Your goal: Only the pictures are to be dropped; return all other data below exactly.

Information supplied:
::::::

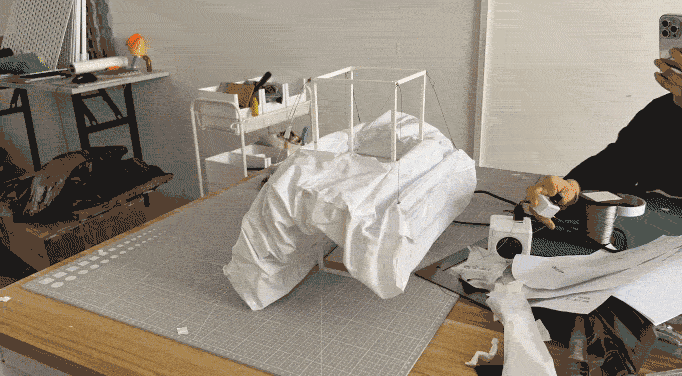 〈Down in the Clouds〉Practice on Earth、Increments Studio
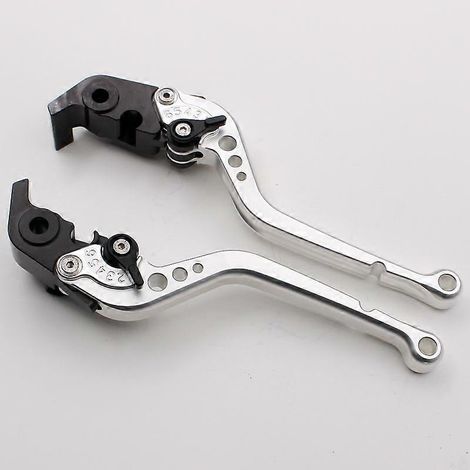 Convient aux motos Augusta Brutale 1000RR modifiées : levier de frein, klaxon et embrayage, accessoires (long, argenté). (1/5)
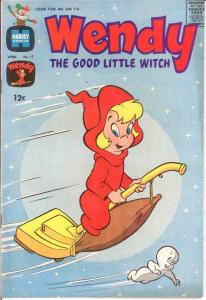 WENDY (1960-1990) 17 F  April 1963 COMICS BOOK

::::::

Answer area:
 〈Down in the Clouds〉Practice on Earth、Increments Studio
 Convient aux motos Augusta Brutale 1000RR modifiées : levier de frein, klaxon et embrayage, accessoires (long, argenté). (1/5)
 WENDY (1960-1990) 17 F  April 1963 COMICS BOOK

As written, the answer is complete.